L’attentat commis, vendredi 23 mars, dans la banlieue de Carcassonne (Aude), les quatre morts et les quinze blessés qu’il a laissés derrière lui avant que le terroriste qui en était l’auteur ne soit abattu par les forces de gendarmerie, démontrent, hélas, qu’il n’en est rien. L’EI a perdu une bataille en Syrie et en Irak. Mais le djihadisme, lui, n’a pas renoncé à la guerre contre les « infidèles », les « juifs », les « croisés » et contre les libertés des sociétés démocratiques qu’il exècre.
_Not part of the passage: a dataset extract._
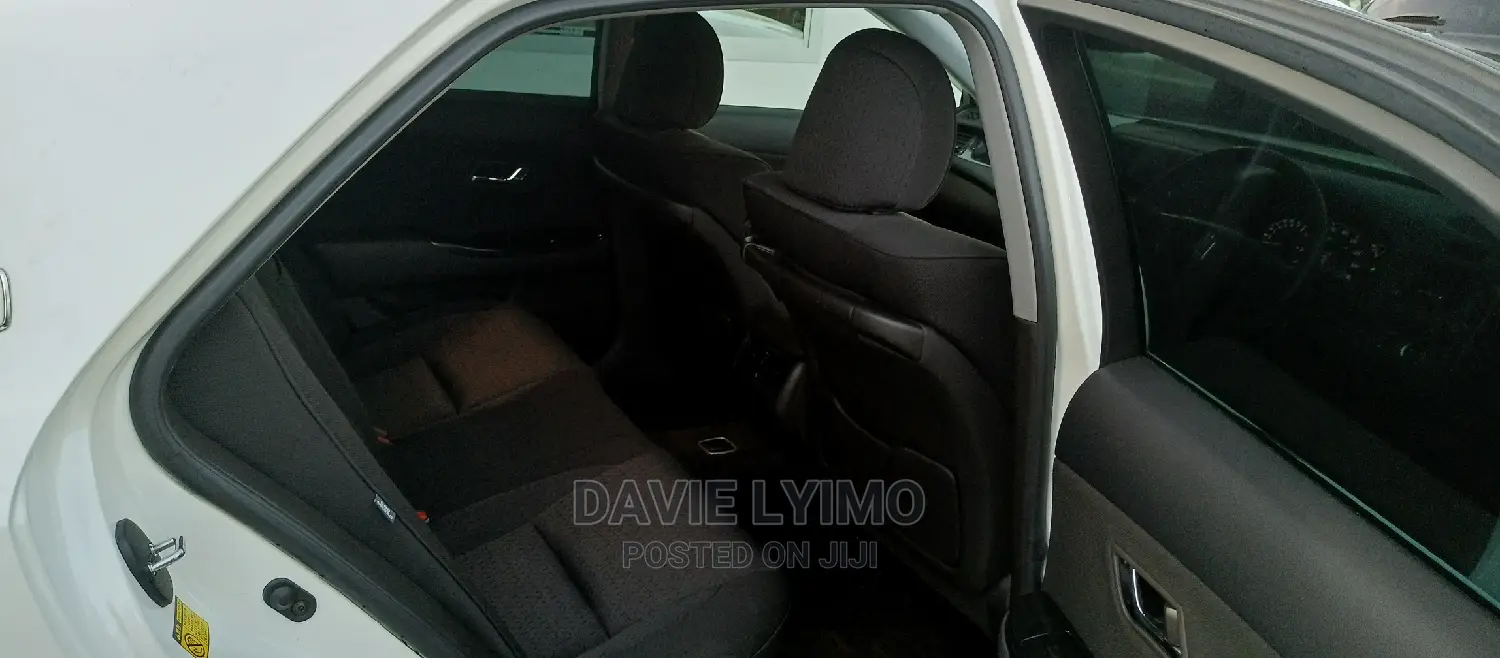 Toyota Crown 2009 White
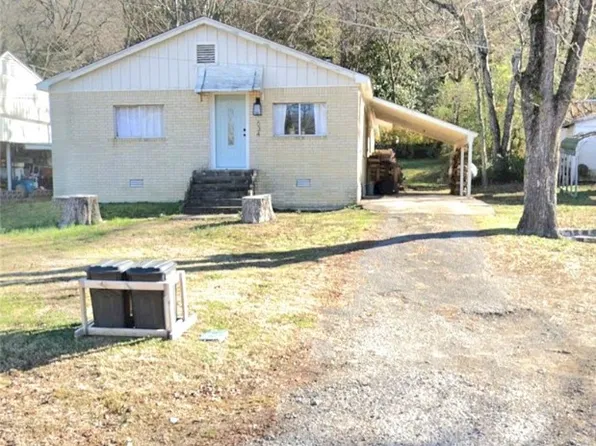 634 Highway 71 SE, Mountainburg, AR 72946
La chute de l’entité territoriale fondée par l’Etat islamique, le « califat » autoproclamé à cheval sur la Syrie et l’Irak, a certes tari le mouvement des départs vers le Levant et les ressources du mouvement, donc la capacité à former des combattants aguerris, à l’instar du réseau complexe et étendu qui a commis les attentats de Paris, Saint-Denis et Bruxelles. Mais la force de l’EI, contrairement à Al-Qaida, est de savoir transformer ses défaites – comme il l’a fait par le passé de ses victoires – en puissant moteur de recrutement et de passage à l’action.

Désir de vengeance

La chute de Mossoul, en Irak, puis de Rakka, en Syrie, les deux « capitales » du « califat », accompagnées de destructions considérables, alimentent désormais le martyrologe du groupe et le désir de vengeance de ses adeptes. L’EI avait anticipé ses défaites militaires sur le terrain syro-irakien et adapté son discours en appelant ses sympathisants à le venger partout où ils le pourraient.
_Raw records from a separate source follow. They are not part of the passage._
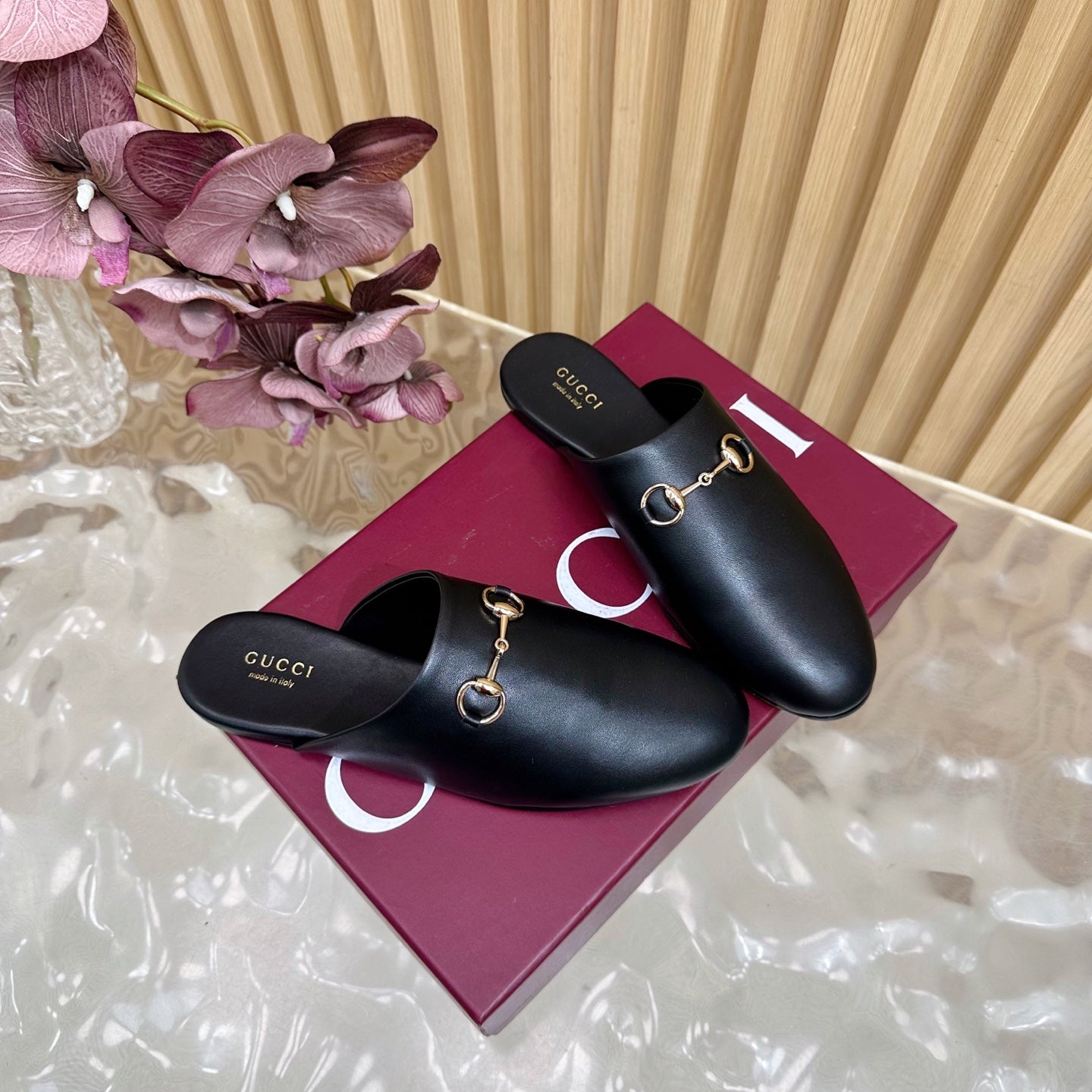 Gucci 25 Horsebit Mule Black Gold Cowhide 436323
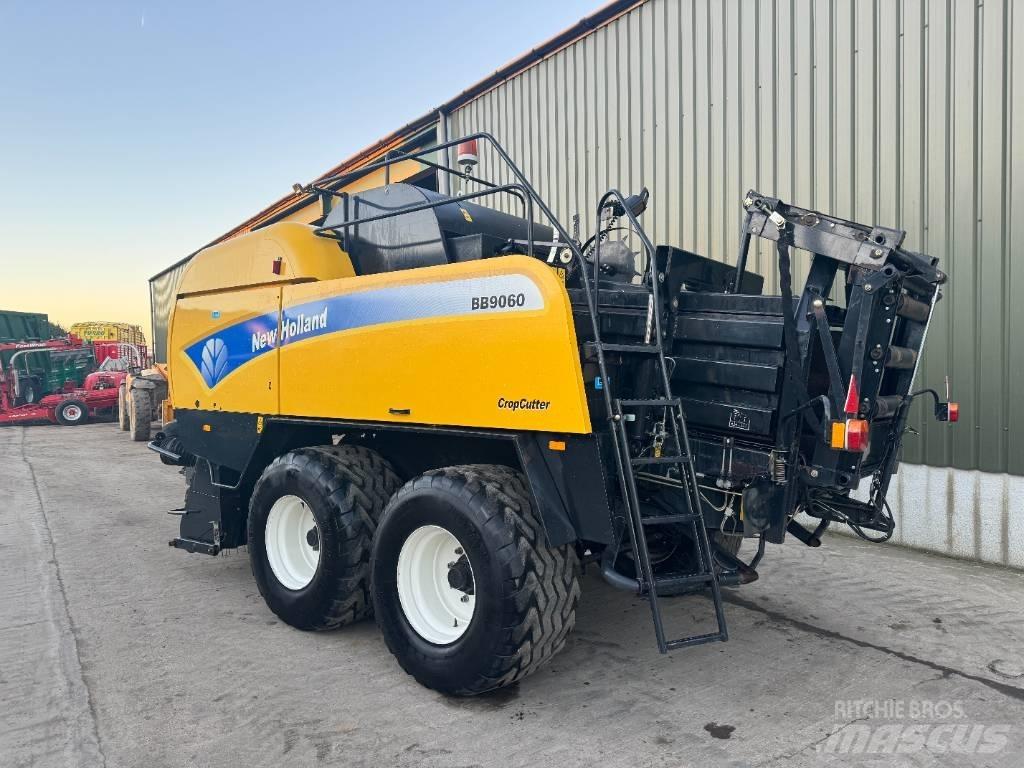 New Holland BB 9060 Presse quadre
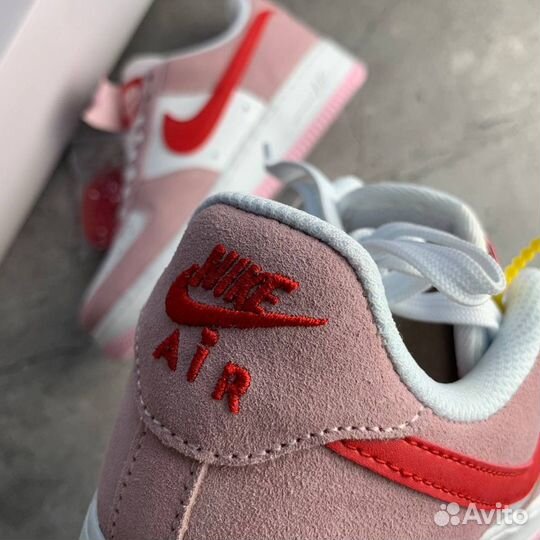 Кроссовки Nike Air Force 1 Valentines Day Love Let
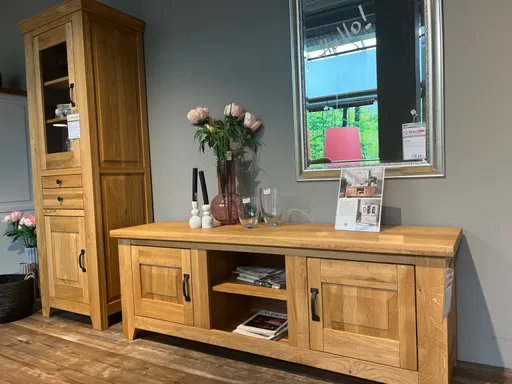 Vitrine IRVINE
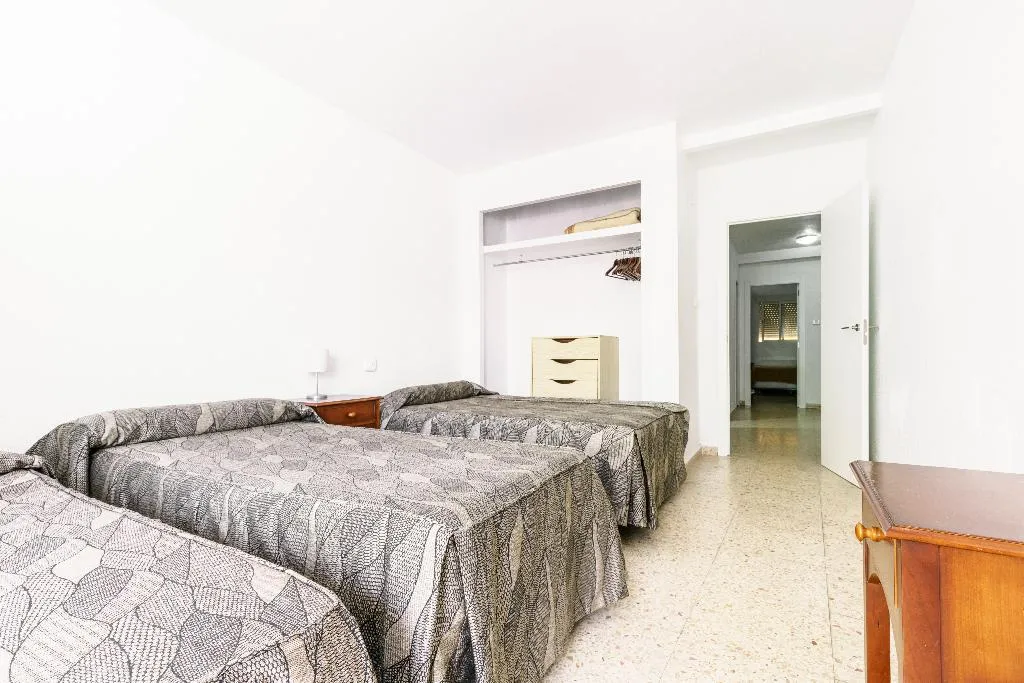 APARTMENT THREE BEDROOMS TWO BATHROOMS Room, Apartamentos Maja Beach, Costa Blanca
Il ne suffira pas, pour venir à bout de l’idéologie et du projet mortifères de l’EI, de le priver de son territoire et de le défaire militairement au Moyen-Orient. Le combat se jouera désormais, pour ce qui nous concerne, en France. Et ce sera un combat de longue haleine. Il passe évidemment par une vigilance incessante des forces de sécurité. Si le dispositif antiterroriste a été constamment renforcé depuis trois ans, si la surveillance a permis de déjouer une dizaine de projets d’attentats ces derniers mois, il n’empêche – et ce n’est pas s’y résigner – que le risque zéro n’existe pas en la matière.
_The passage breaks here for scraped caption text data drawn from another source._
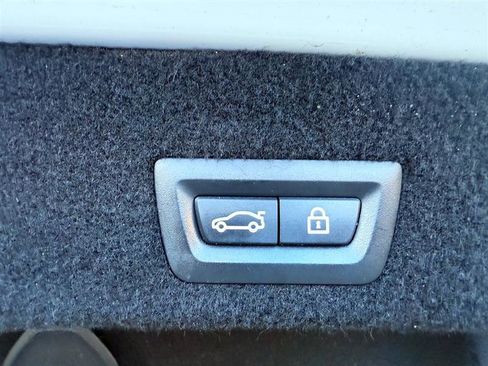 Used 2018 BMW 750i image 24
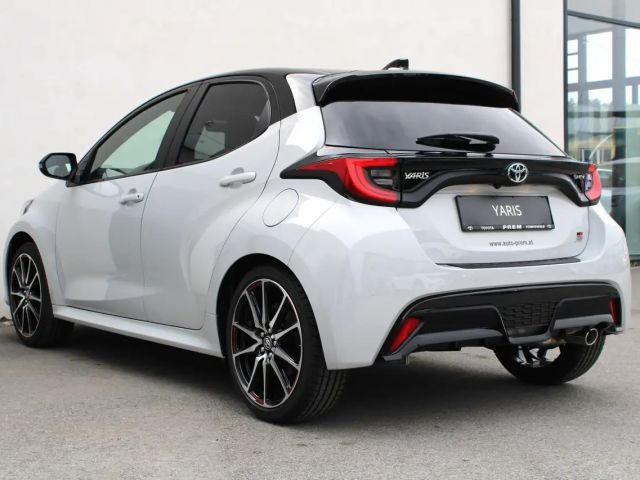 Toyota Yaris GR Hybride VVT-i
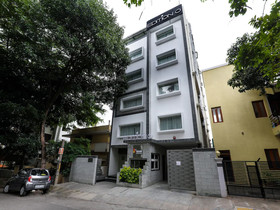 Grand Premier Suites By OYO Rooms
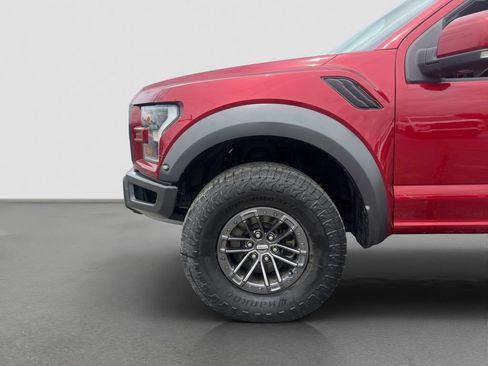 Used 2019 Ford F150 Raptor w/ Equipment Group 802A Luxury AWD/4WD image 22
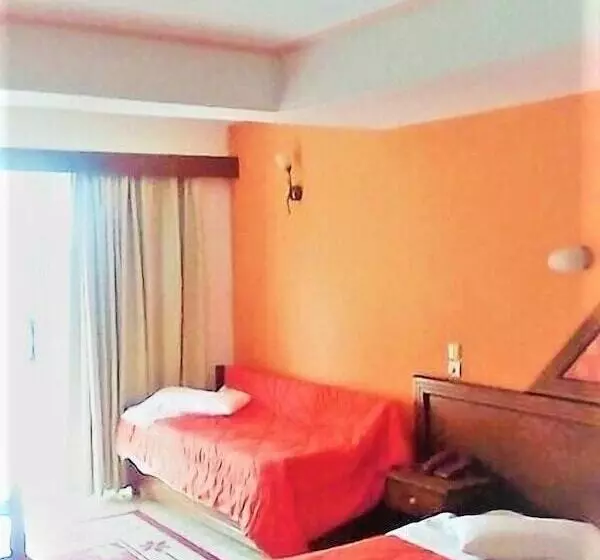 Standard Neljän Hengen Huone, Delphi Aiolos Center Hotel Panoramic View&yoga Harmony Hotel&rooms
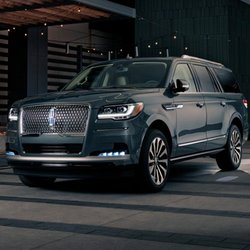 Gold Star Luxury Hawaii - Black Lincoln Navigator Available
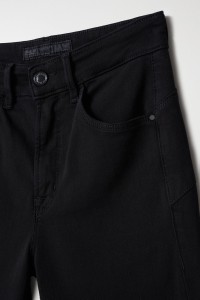 FAITH PUSH IN-JEANS, MIT FEDERN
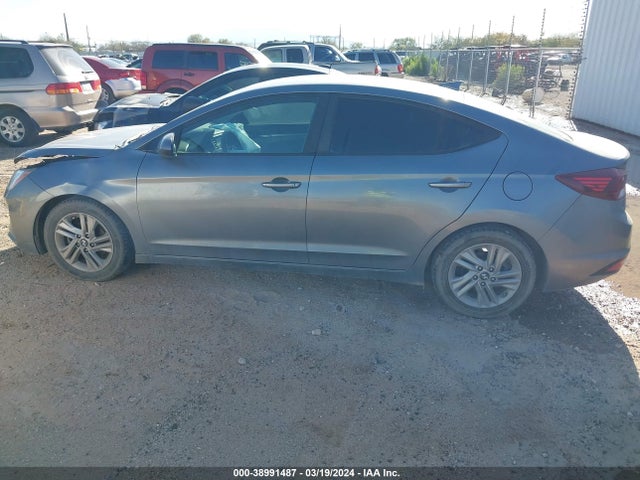 Hyundai ELANTRA SEL 2019 5NPD84LF1KH423631 Image 14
Après celui de la gare Saint-Charles à Marseille (qui a fait deux victimes en octobre 2017) et les tentatives, entre février et août 2017, à Levallois-Perret, Notre-Dame de Paris, Orly, les Champs-Elysées ou le Carrousel du Louvre, l’attentat de Carcassonne démontre que le terrorisme artisanal, si l’on ose dire, suffit pour tuer.

Ce combat passe également par l’organisation de l’islam de France. Il est urgent de l’encourager à dénoncer vigoureusement le djihadisme – cette maladie dégénérative de l’islam –, de lui donner les moyens de l’isoler, avant de l’éradiquer. Cette entreprise, annoncée par le président de la République, est complexe. Mais elle doit être menée sans relâche. C’est une des clés de la sécurité du pays.